Astronomers have found an exceptionally distant galaxy, ranked among the top 10 most distant objects currently known in space. Light from the recently detected galaxy left the object about 800 million years after the beginning of the universe, when the universe was in its infancy.The galaxy, designated LAEJ095950.99+021219.1, was first spotted in summer 2011. The find is a rare example of a galaxy from that early epoch, and will help astronomers make progress in understanding the process of galaxy formation.
This galaxy is extremely faint and was detected by the light emitted by ionized hydrogen. The object was first identified as a candidate early-universe galaxy using a unique technique that uses special narrow-band filters that allow a small wavelength range of light through.
A special filter fitted to the telescope camera was designed to catch light of narrow wavelength ranges, allowing the astronomers to conduct a very sensitive search in the infrared wavelength range.
"We have been using this technique since 1998 and pushing it to ever-greater distances and sensitivities in our search for the first galaxies at the edge of the universe," says Malhotra, an associate professor in the school. "Young galaxies must be observed at infrared wavelengths and this is not easy to do using ground-based telescopes, since the Earth's atmosphere itself glows and large detectors are hard to make."
To be able to detect these very distant objects which were forming near the beginning of the universe, astronomers look for sources which have very high redshifts.
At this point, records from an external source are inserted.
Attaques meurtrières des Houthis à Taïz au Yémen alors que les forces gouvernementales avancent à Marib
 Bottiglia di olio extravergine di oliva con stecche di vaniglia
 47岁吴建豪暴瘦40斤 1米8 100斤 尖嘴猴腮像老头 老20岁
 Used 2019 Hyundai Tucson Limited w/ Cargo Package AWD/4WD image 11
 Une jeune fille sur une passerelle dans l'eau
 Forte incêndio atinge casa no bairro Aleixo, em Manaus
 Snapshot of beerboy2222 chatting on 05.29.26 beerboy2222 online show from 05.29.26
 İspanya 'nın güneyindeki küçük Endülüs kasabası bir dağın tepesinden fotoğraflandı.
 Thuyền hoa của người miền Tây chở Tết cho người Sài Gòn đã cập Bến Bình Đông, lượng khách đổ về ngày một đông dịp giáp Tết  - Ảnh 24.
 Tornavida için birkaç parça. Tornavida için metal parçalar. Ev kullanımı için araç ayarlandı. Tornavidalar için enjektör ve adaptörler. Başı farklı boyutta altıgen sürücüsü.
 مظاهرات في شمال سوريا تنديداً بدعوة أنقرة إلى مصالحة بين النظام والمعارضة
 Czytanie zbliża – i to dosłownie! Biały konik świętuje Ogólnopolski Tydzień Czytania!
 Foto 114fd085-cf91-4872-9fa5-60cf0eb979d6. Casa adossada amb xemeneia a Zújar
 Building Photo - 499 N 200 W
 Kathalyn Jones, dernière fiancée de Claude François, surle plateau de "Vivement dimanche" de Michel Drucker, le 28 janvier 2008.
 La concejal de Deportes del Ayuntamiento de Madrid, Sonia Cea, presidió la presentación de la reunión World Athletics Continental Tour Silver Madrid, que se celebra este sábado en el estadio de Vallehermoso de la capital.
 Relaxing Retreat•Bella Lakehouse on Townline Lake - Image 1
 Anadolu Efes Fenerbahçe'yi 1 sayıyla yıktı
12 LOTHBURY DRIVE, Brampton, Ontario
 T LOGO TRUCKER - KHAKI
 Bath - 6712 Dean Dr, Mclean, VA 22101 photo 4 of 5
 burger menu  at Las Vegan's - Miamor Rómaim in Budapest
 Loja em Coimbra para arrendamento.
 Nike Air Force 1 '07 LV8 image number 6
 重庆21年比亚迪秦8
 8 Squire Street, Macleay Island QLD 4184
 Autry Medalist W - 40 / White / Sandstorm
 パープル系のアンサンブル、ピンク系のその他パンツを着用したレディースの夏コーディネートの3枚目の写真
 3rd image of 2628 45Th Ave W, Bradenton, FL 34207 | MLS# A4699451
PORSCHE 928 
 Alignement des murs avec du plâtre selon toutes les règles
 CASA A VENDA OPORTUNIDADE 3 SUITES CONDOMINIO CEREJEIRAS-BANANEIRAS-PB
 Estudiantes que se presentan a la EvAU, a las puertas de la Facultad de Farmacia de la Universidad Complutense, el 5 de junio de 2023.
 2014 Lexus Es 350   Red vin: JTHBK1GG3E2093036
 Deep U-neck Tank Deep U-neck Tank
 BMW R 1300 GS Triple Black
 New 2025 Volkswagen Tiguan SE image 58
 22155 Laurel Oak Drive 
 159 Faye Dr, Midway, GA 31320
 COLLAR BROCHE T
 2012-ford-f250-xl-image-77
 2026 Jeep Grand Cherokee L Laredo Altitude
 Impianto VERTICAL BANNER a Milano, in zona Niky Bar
Astronomers refer to an object's distance by a number called its "redshift," which relates to how much its light has stretched to longer, redder wavelengths due to the expansion of the universe.
Objects with larger redshifts are farther away and are seen further back in time. LAEJ095950.99+021219.1 has a redshift of 7. Only a handful of galaxies have confirmed redshifts greater than 7, and none of the others is as faint as LAEJ095950.99+021219.1.
"We have used this search to find hundreds of objects at somewhat smaller distances. We have found several hundred galaxies at redshift 4.5, several at redshift 6.5, and now at redshift 7 we have found one," explains Rhoads. "We've pushed the experiment's design to a redshift of 7 – it's the most distant we can do with well-established, mature technology, and it's about the most distant where people have been finding objects successfully up to now."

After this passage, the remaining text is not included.